The suggested ready getter is really reporting that an asynchronous listen operation (via the onListen callback) has completed, and it would be more consistent (with cancel) if the listen call just returned the future directly - for pause and resume that would just work, but listen already returns a value, so it would change to FutureOr<StreamSubscription>, which would be massively disruptive to current users.

Doing that would mean that state transitions would take time. There would be states "unstarted", "starting", "active", "pausing", "paused", "resuming", "cancelling" and "cancelled". There would need to be rules for what happens if you call pause while "starting" or while "resuming". Would events get emitted during "pausing"? During "cancelling"? It would really complicate the stream model.

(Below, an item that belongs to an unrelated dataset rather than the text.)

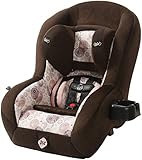 Safety 1st Chart 65 Air Convertible Car Seat, Yardley by Safety 1st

It's not really a surprising development that someone wants a function parameter (here the onListen) to be able to be asynchronous. Asynchrony is contagious, and sooner or later, every function parameter will need to be asynchronous for someone. However, allowing it everywhere will make everything possible, and nothing easy, so it's not good for usability. We have to make sure it's needed often enough that it's worth the overhead that it introduces when it's not needed. The future returned by cancel is worth it, IMO, because it has no alternative, and because you can ignore it because it all happens in the "cancelled" state where no further state changes can happen anyway.

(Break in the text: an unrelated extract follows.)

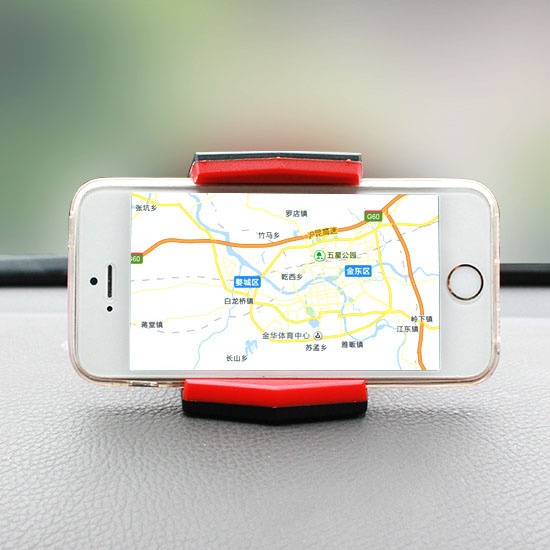 Yo-Po8 High Quality mobile phone holder use on the dashboard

Now, for listen and resume, there is an obvious solution: Report their completion as a stream event. There is no need to introduce further futures in order to deliver an asynchronous event when you are already a stream. When the stream is listened to, its first event is an "I'm ready" event. When it's paused and then resumed, the first event after the resume is an "I'm ready" event. The only problem is the typing. If the report can be introduced into the event type of the stream, then it should be good. If not, then perhaps you can use null events as markers. If you really want a ready getter, you can wrap this stream in one that captures the "ready"-events and reflects them into a future.

I don't think it's something that every stream would want to support. The overhead, including the mental overhead for the user, is just too great.

[nex3]

You're making this out to be a much further-reaching change than it needs to be. No one's calling for pause() and resume() to be asynchronous. No one wants the stream to behave in any way differently in the "starting" state than it does in the "active" state. I just want onListen to be able to return a Future that's exposed to the user somehow—the rest of the Stream API can totally ignore that Future for all I care.

We have to make sure it's needed often enough that it's worth the overhead that it introduces when it's not needed.

We already have two examples of APIs used by key customers that inherently involve race conditions without this—FileSystemEntity.watch() and vm_service_client. I expect Isolate.errors does as well. Any stream that represents events (as opposed to data) over an asynchronous medium will likely have the same issue. Is your position that a naive stream implementation is incorrect for those use-cases? If so, how did naive stream implementations end up in the core libraries?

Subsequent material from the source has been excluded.